Religionspolitik sollte in Deutschland als eigenständiges Politikfeld etabliert werden. Denn die Kooperationsbeziehungen zwischen Staat und
Religionsgemeinschaften gewinnen an Bedeutung. Hervorgerufen wird dies durch eine wachsende, multireligiöse Gesellschaft.
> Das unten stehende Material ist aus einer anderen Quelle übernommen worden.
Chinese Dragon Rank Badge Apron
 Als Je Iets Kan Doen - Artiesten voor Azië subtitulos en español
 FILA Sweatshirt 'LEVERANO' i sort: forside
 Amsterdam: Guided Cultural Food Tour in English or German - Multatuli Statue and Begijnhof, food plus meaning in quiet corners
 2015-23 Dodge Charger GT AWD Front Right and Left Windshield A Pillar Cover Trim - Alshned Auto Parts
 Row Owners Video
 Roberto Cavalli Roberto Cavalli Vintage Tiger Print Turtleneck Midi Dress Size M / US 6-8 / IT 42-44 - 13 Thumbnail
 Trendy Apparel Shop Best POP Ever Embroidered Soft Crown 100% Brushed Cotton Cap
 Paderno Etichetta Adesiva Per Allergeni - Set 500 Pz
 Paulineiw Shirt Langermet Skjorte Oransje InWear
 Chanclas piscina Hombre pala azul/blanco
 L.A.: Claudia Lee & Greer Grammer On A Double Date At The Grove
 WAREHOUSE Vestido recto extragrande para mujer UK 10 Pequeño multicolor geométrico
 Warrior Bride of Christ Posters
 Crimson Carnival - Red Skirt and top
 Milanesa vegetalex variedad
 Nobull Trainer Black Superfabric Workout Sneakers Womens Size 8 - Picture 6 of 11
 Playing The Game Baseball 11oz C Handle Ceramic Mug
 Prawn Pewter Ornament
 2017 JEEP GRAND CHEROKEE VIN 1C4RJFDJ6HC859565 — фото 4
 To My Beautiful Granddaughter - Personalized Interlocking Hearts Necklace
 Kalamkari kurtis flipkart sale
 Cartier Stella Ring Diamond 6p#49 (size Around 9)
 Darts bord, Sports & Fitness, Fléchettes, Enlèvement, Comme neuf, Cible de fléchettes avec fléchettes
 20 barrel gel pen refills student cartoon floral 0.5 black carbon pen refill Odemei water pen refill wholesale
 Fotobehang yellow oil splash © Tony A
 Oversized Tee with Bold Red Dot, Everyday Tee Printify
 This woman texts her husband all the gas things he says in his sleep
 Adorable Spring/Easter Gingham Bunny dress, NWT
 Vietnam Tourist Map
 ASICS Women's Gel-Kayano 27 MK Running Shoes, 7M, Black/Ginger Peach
Die grundgesetzlich angelegte Organisation von Kooperationsbeziehungen zwischen Staat und Religionsgemeinschaften war lange ein politischer Nebenschauplatz. Die religiösen Verhältnisse in Deutschland waren stabil und die weitergeltenden staatskirchenrechtlichen Bestimmungen der Weimarer Reichsverfassung wurden kaum thematisiert. Ohnehin galt die Säkularisierungsvermutung, nach der Religion insgesamt und damit auch die Organisation von Kooperationsbeziehungen zwischen den Religionsgemeinschaften und dem Staat an Bedeutung abnehmen würden. Diese Vermutung hat sich als falsch erwiesen. Mit dem Wachsen nichtchristlicher Glaubensgemeinschaften in Deutschland und der zunehmenden Zahl an Konfessionslosen tritt die Religionspolitik aus ihrem Schattendasein heraus. Dadurch nimmt der Regelungsbedarf zu. Die Politik sollte auf diesen Bedeutungszuwachs religionspolitischer Handlungsfelder reagieren und die Zusammenarbeit zwischen Staat und Glaubensgemeinschaften als eigenständiges Politikfeld begreifen.
Neue Herausforderungen
Seit den Neunzigerjahren des vergangenen Jahrhunderts lässt sich in Deutschland ein stetiger Zuwachs an religionspolitischem Handlungsbedarf feststellen. Der Hintergrund ist offensichtlich. Deutschland ist in religiös-weltanschaulicher Hinsicht vielfältig geworden. Viele Muslime leben mittlerweile hier, die Bedeutung der jüdischen Gemeinden wächst ebenso wie die Zahl der Anhänger anderer Konfessionen. Nicht zuletzt steigt die Zahl der Konfessionslosen stetig. Deutschland entwickelt sich zu einem Land, das zwar nach wie vor christlich geprägt ist, aber zunehmend auf die Herausforderungen und Erwartungen einer multireligiöser geprägten Gesellschaft reagieren muss. Neue Gesetze zum Umgang mit Beschneidungen und Kopftüchern und zum betäubungslosen Schlachten wurden erlassen. Eine Vielzahl neuer Regelungen für Moscheebau, Gebetsruf, Feiertage, Schulunterricht, Anbringung von Kreuzen in öffentlichen Gebäuden und Imamausbildung wurden verabschiedet oder werden diskutiert.
Neue Initiativen
Aber nicht nur Gesetzgeber und Gerichte befassen sich mit den neuen multireligiösen Realitäten in Deutschland. In den vergangenen Jahrzehnten ist außerdem eine nahezu unübersichtliche Vielzahl an Organisationen, Initiativen und Gremien entstanden, welche die Zusammenarbeit von Religionsgemeinschaften und Staat sowie die Gesellschaft direkt und indirekt betreffen. Zu nennen sind in diesem Zusammenhang religiöse Dachverbände, ethnisch-religiöse Lobbygruppen, religionspolitische Gremien, religions- und integrationspolitische Arbeitskreise und Think Tanks. Gleichzeitig trieb die Politik die Institutionalisierung voran. Nach der Einberufung der Deutschen Islam Konferenz wurden in mehreren Ländern Lehrstühle für Islamische Theologie eingerichtet, die Gründung von muslimischen Wohlfahrtsverbänden angeregt und eine Vielzahl von Beiräten als Übergangslösung zur Klärung von Fragen mit religiösem Bezug gegründet.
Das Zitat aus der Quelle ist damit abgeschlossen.